Evers Vetoes Reading Assessments
But governor signs bill requiring financial transparency for schools,
Gov. Tony Evers signed a bill into law Friday regulating public access to schools’ financial information that requires the Department of Public Instruction (DPI) to create an online portal, available for the 2023-24 school year, that displays financial data collected from all school districts and independent charter schools. The new law creates an 11-person advisory committee to develop recommendations on the categories of information to be made accessible to the public.
Although the bill passed the Senate Sept. 28 with only one Democratic vote in favor, the Assembly concurred the same day on a voice vote.
Evers vetoed another bill Friday authored by Sen.
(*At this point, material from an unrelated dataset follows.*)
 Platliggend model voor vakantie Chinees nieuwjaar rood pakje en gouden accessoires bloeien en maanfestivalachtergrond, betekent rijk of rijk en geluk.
Kathy Bernier (R-Chippewa Falls) and supported by conservatives that would have mandated that school boards and independent charter schools assess early literacy in 4-year-old kindergarten through second grade using specific screening assessments.
Republican proponents of the assessments say they would reverse the decline in reading test scores for Wisconsin children and help close the state’s worst-in-the-nation achievement gap between Black and white students.
Democrats say more testing won’t prove anything that teachers and school officials don’t already know, and that more resources, not more assessments, are what schools need.
Democrats also raised questions about the list of company names in the bill, which specifies that DPI should approve certain name-brand tests including the Acadience reading assessment, FastBridge reading assessments and the Renaissance Star Early Literacy assessment.
In his veto message, Ever wrote that while he has long advocated for increased state efforts to support literacy, such efforts “must be based on proven, evidence-based practices, and cannot be independent from discussions about the state’s obligation to provide meaningful, sustainable support for our classrooms and our schools.”
“I am vetoing this bill in its entirely because I object to fundamentally overhauling Wisconsin literacy instruction and intervention without evidence that more statewide, mandatory testing is the best approach for our students,” Evers added, noting that the bill also did not provide any additional funding for the program, causing schools to “strain their existing resources.”
Evers signs school transparency bill, vetoes reading assessments was originally published by the Wisconsin Examiner.
Why not simply let local school boards decide how they want to evaluate reading which is in keeping with Republican’s mantra about local control. Also, there needs to be a law that in which school receiving State funding under the school choice program should document their spending hundred of millions of taxpayers money. When the Salvation Army gets government funding for their programs, they are transparent in how the money is spent and don’t claim a religious exemption for not being honest in how their funds are used.